Loading Data From a Dataset

Data previously saved to an ASDFDataSet can be loaded back into a Manager class using the the load function. This is useful for repeating measurements, re-using misfit windows on new data, or running seismic inversions.

Config Parameters

To load the Config class from an ASDFDataSet, you need to specify a path which was generated from the iter_tag and step_tag attributes of the saved Config.

cfg = Config()
cfg.read(read_from=ds, path="i01/s00", fmt="asdf")

Data and Metadata

The Managers load function searches for metadata, waveforms and configuration parameters, based on the code and path arguments.

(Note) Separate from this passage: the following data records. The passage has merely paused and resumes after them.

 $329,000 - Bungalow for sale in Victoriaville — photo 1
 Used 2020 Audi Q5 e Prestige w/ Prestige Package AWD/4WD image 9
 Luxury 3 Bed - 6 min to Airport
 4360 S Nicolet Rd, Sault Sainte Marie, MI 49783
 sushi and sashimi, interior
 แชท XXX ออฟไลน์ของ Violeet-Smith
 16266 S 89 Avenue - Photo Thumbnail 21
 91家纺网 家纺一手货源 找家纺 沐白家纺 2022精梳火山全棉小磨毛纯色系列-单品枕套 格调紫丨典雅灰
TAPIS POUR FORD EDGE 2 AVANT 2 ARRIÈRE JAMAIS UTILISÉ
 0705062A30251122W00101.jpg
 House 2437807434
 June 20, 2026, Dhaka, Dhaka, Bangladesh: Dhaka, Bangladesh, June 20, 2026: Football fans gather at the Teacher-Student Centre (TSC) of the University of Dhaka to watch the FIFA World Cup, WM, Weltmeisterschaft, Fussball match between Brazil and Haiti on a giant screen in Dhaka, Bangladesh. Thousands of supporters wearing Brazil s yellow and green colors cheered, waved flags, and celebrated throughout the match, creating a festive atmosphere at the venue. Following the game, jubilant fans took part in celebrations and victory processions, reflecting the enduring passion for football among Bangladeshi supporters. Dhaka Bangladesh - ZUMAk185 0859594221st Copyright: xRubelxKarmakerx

The path attribute is specified by the iter_tag and step_tag attributes of the saved Config.

Note

Waveforms stored in the ASDFDataSet are unprocessed. Users will have to re-run the standardize and preprocess functions to retrieve the waveforms used to generate saved windows/adjoint sources.

mgmt = Manager(ds=ds)
mgmt.load(code="NZ.BFZ", path="i01/s00")

Windows and Adjoint Sources

Note

Misfit windows and adjoint sources are not explicitely re-loaded when calling the load function.

To re-load windows, you can call the window function, setting the fix_windows argument to True and specifying the iteration and step_count to retrieve windows from:

mgmt.window(fix_windows=True, iteration="i01", step_count="s00")

The Manager does not currently have the capability to re-load adjoint sources, but given a loaded Config and set of windows, you can re-calculate adjoint sources with the measure function:

mgmt.measure()